= Oechalia (Euboea) =

Town in ancient Euboea

Oechalia or Oichalia (Οἰχαλία) was a town in ancient Euboea, in the district of Eretria. At the time of Strabo it was only a village and the geographer points out that it was a vestige of the city that was destroyed by Heracles.

According to Greek mythology, King Eurytus of Oechalia had promised the hand of his beautiful daughter Iole to whoever defeated him in an archery competition. Heracles beat him but Eurytus refused to keep his promise, so Heracles sacked the city, killed Eurytus, and kidnapped Iole. However, there was great discussion in antiquity about whether this Oechalia referred to this city, or that of Thessaly, or another also located in Trachis, also in Thessaly, or even to others that were located in Arcadia or Messenia. The author of the epic poem Capture of Oechalia (usually attributed to Creophylus of Samos), Sophocles (in The Trachiniae), and Hecataeus of Miletus (who locates Oechalia near Eretria) were aligned with those who identified this Oechalia with the Euboean location.
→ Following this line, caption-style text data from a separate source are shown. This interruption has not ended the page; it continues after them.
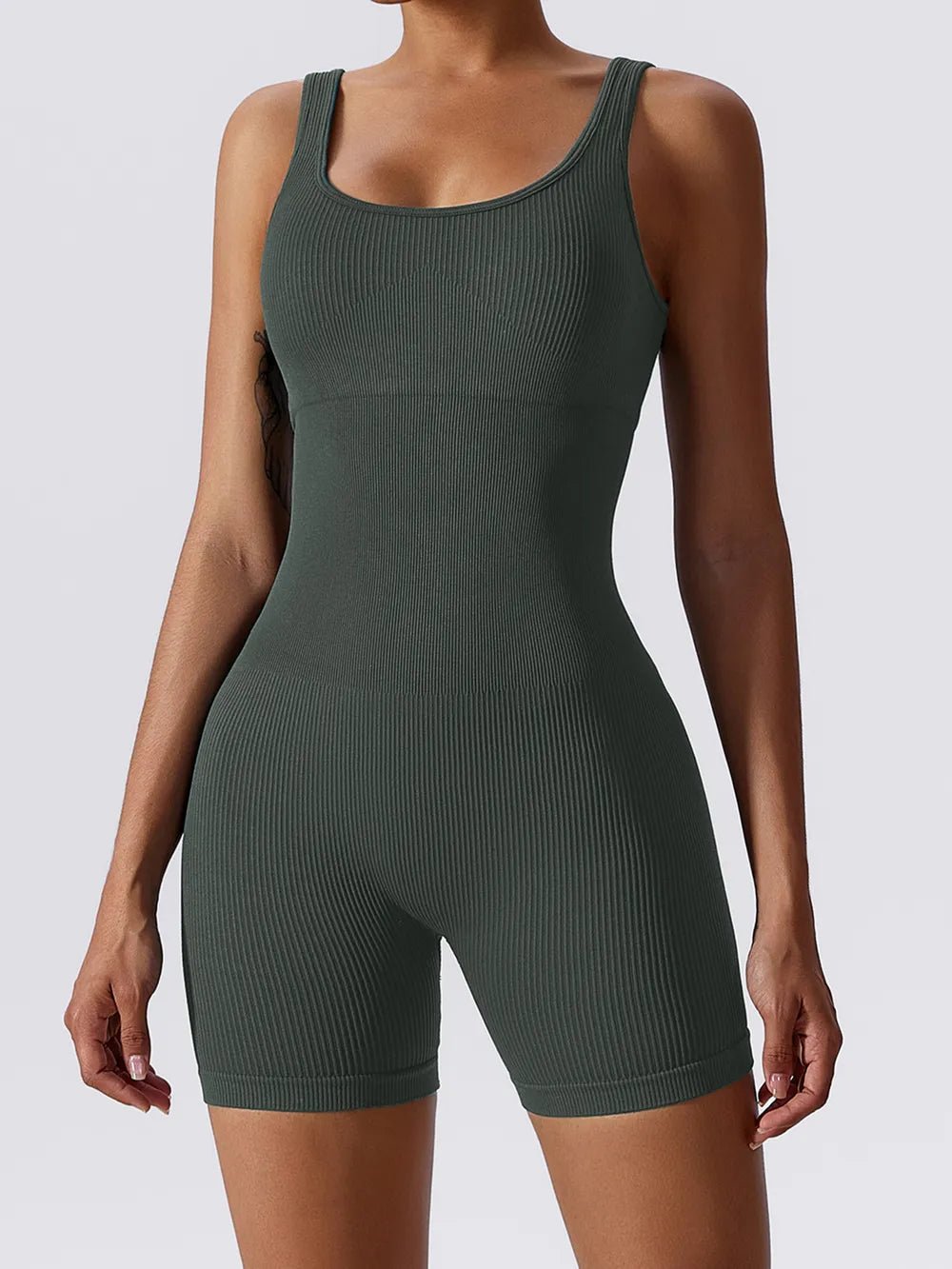 Basic Bae Ribbed Sleeveless Active Romper - The Coin Has A Say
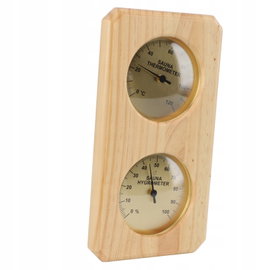 TERMOMETR I HIGROMETR DO SAUNY DREWNIANY NAŚCIENNE TRWAŁY 255x135x30 mm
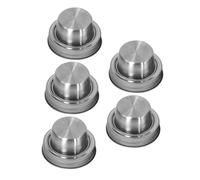 LOLIPPYY 5 Pcs Stainless Steel Cocktail Shaker Lids Seasoning Jar Covers Pepper Flour Spice Shaker Caps for Mason Jars Smooth Edge Safe Grip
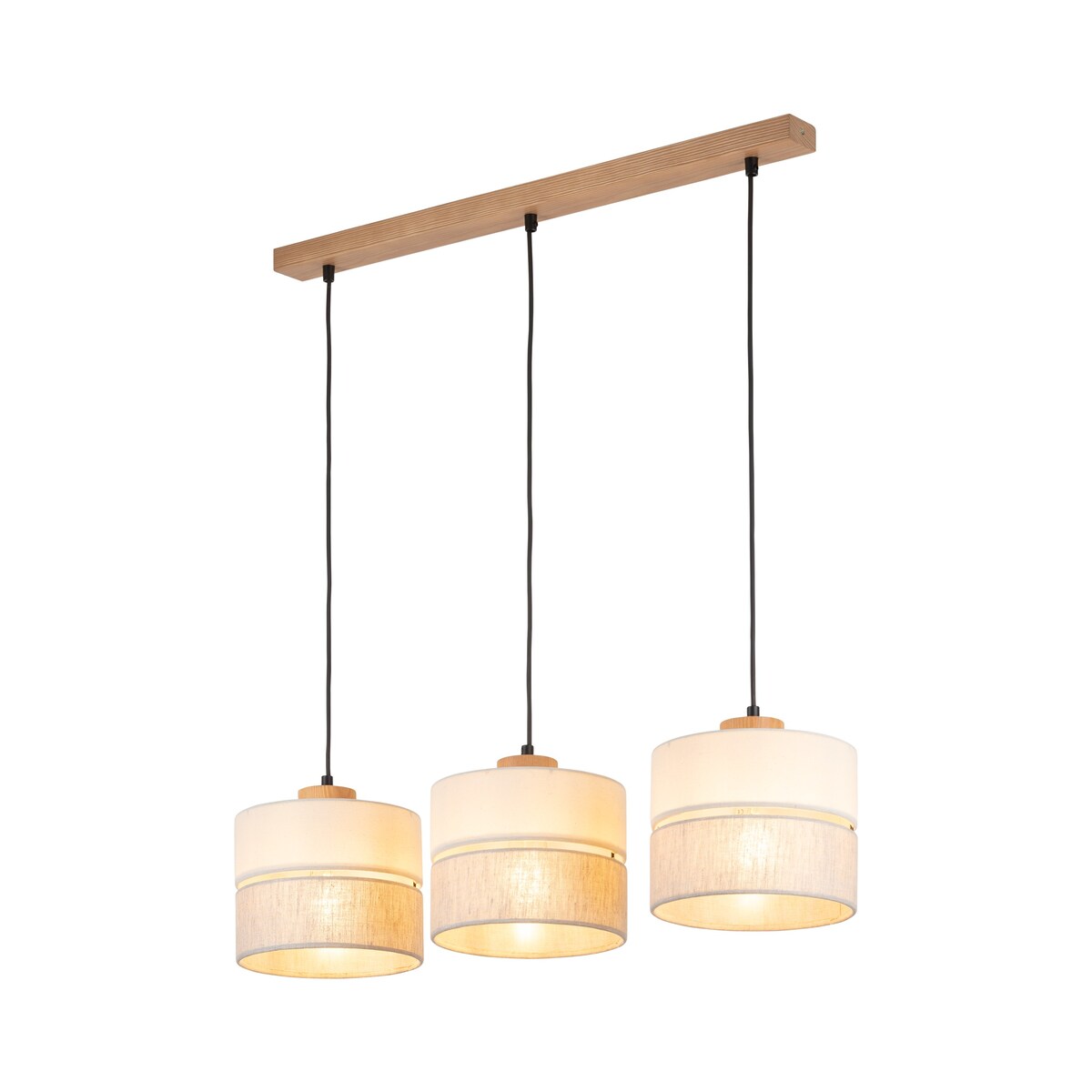 Lampa wisząca TK Lighting ECO 5771 3xE27 szaro-beżowa drewno metal abażur do salonu jadalni
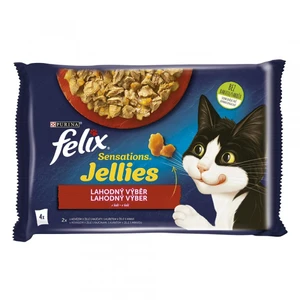 FELIX Sensations Jellies Multipack 12(4x85g) hovädzie/kura v och. želé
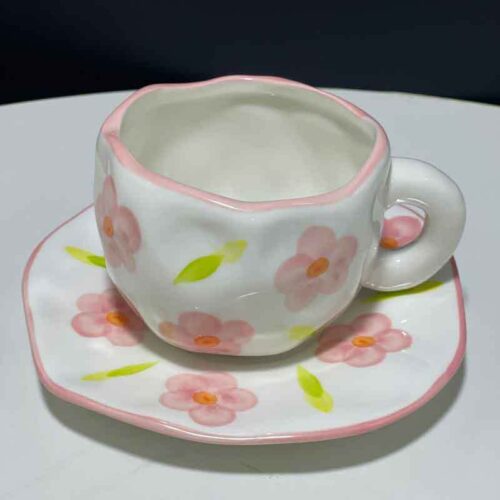 Handmade Ceramic mug with Plate - Image 3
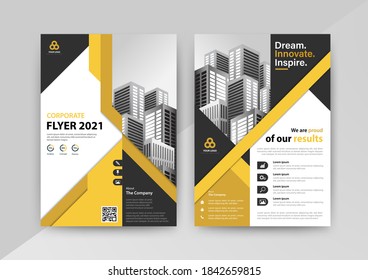 Business abstract vector template for Brochure, Annual Report, Magazine, Poster, Corporate Presentation, Portfolio, Flyer, Market, infographic with yellow and black color size A4, Front and back.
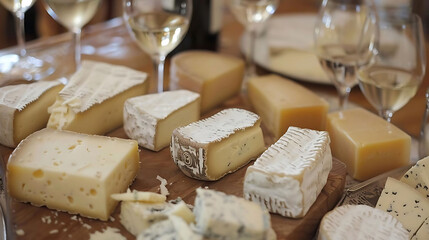 cheese and wine soiree on a wooden table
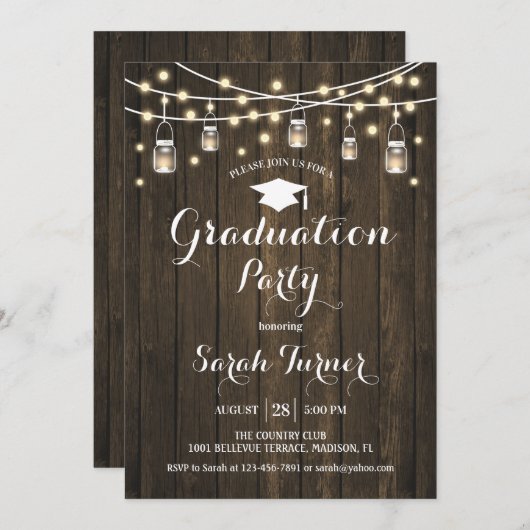 Afstudeerfeest - Rustiek Hout Kaart (Voorkant / Achterkant)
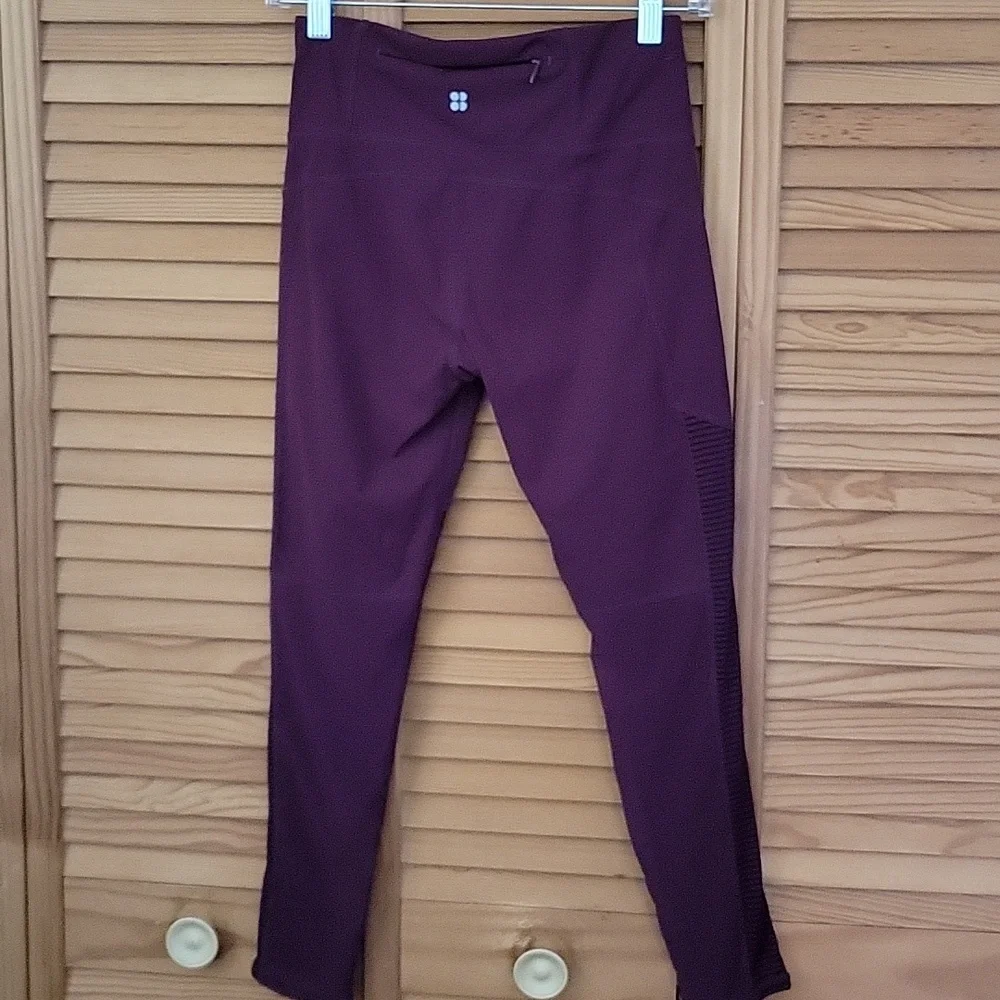 Sweaty Betty Power Mesh Insert Burgundy Plum High Waisted Activewear Legging XS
Homer, equivocally, and Apollodorus of Athens and Aristarchus of Samothrace placed it in Thessaly. Also, Demetrius of Scepsis placed it in Arcadia, and Homer also calls the Oechalia in Messenia the city of Eurytus in both the Iliad and the Odyssey, and this identification was followed by Pherecydes of Athens and Pausanias. Strabo makes mention of all these possibilities but does not offer any additional data on the concrete location of the Oechalia of Thessaly.

The site of Oechalia is tentatively placed at the kastro of Ano Potamia (Άνω Ποταμιά) in the municipal unit of Kyme.